- **Problem**: Pictures are to be left out, and only the lines below starting at the one with "Ferienwohnung in Viganj - Ferienwohnung" and ending at the one with "Vinylvloer SPC-tegel Garda" are to be reproduced, each exactly, both ends included.

- **Provided information**:
•••••

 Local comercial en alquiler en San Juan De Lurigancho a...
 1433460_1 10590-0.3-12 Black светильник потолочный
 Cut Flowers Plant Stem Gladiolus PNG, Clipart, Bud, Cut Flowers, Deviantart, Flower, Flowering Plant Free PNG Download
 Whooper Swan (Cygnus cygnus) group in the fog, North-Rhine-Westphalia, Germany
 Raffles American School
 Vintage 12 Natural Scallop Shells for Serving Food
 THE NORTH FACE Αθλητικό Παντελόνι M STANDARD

•••••

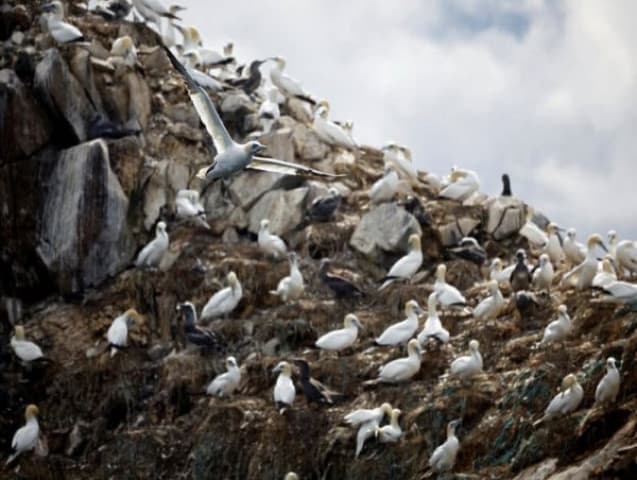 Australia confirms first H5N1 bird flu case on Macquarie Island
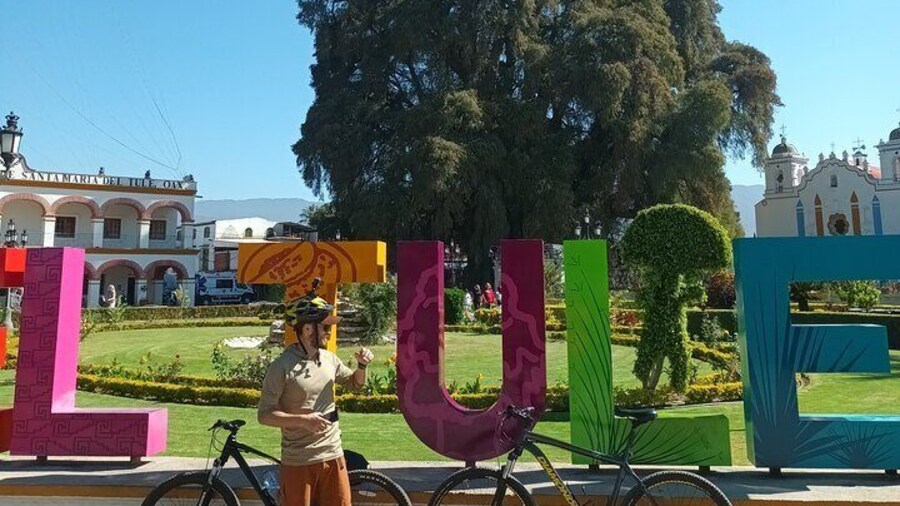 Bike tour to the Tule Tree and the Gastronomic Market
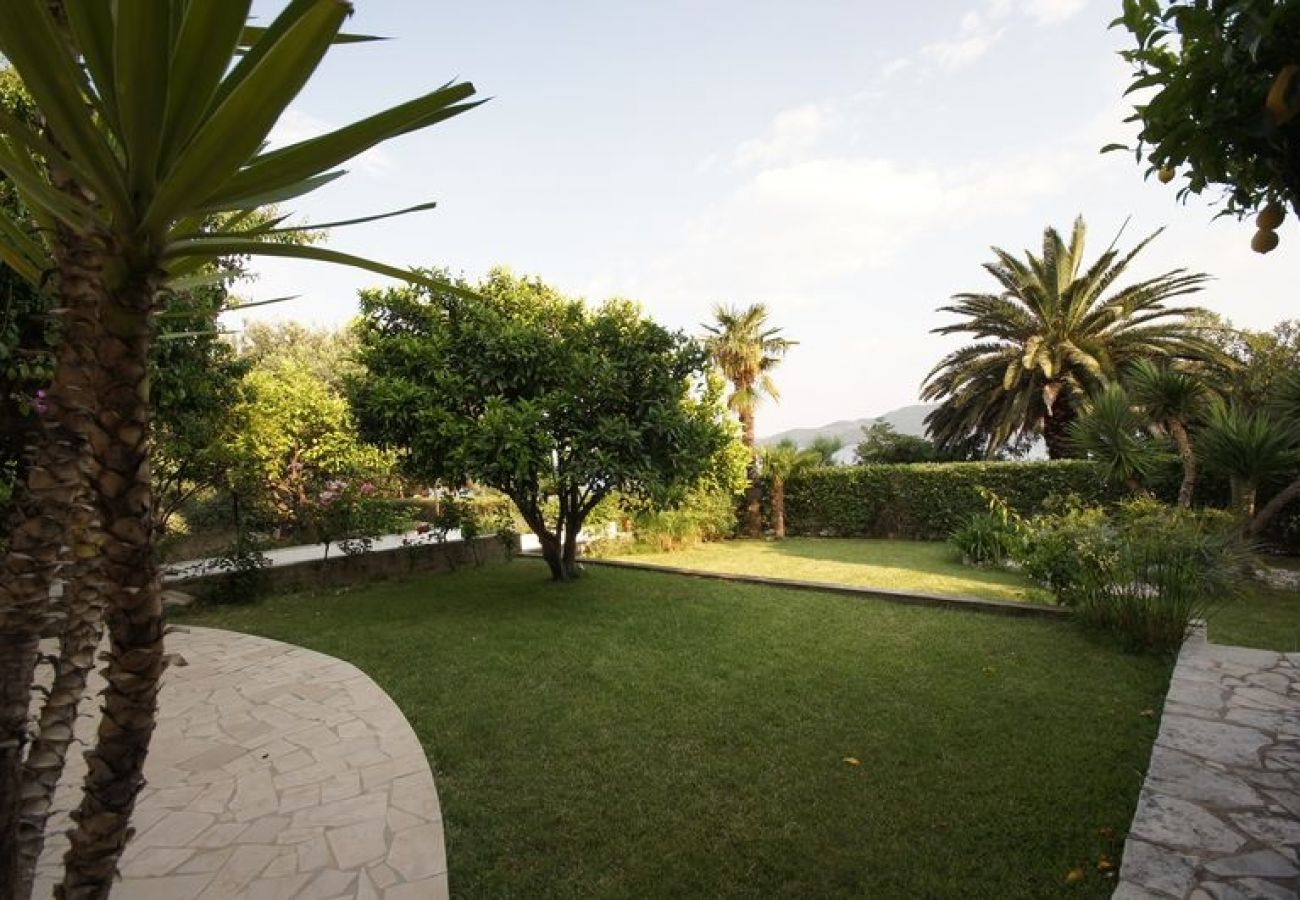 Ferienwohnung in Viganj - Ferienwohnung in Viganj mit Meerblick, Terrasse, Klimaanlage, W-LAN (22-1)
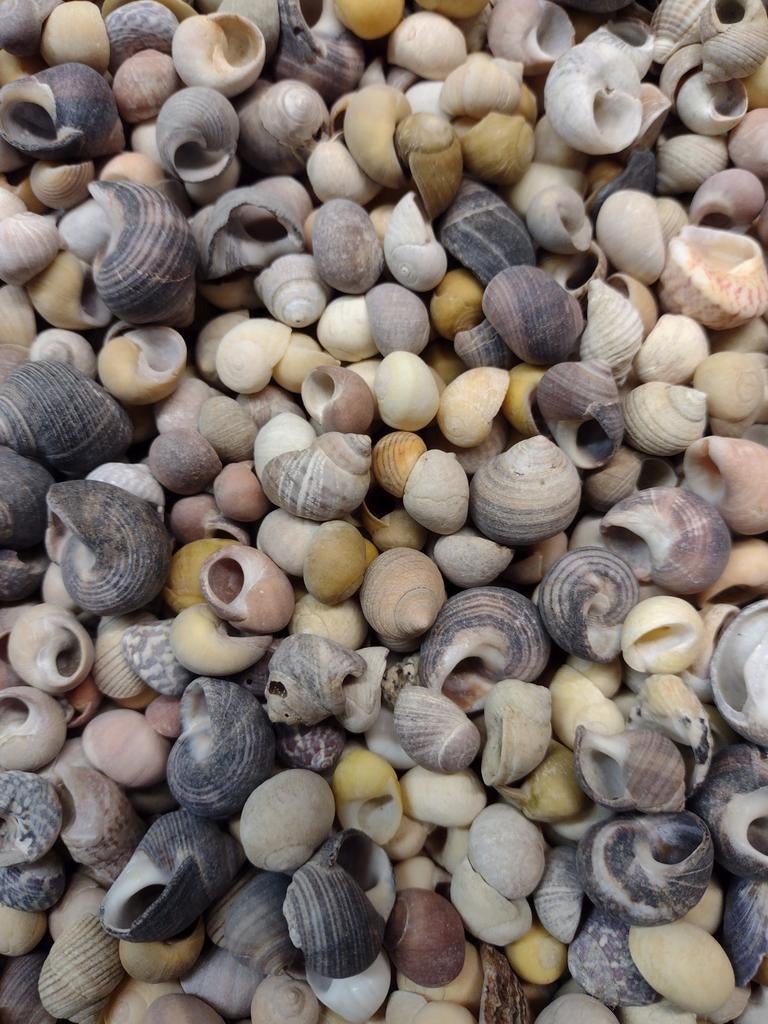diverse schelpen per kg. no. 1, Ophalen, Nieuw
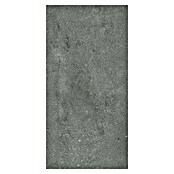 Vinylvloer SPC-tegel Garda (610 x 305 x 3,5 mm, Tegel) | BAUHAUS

•••••

- **Answer to this exercise**:
 Ferienwohnung in Viganj - Ferienwohnung in Viganj mit Meerblick, Terrasse, Klimaanlage, W-LAN (22-1)
diverse schelpen per kg. no. 1, Ophalen, Nieuw
 Vinylvloer SPC-tegel Garda (610 x 305 x 3,5 mm, Tegel) | BAUHAUS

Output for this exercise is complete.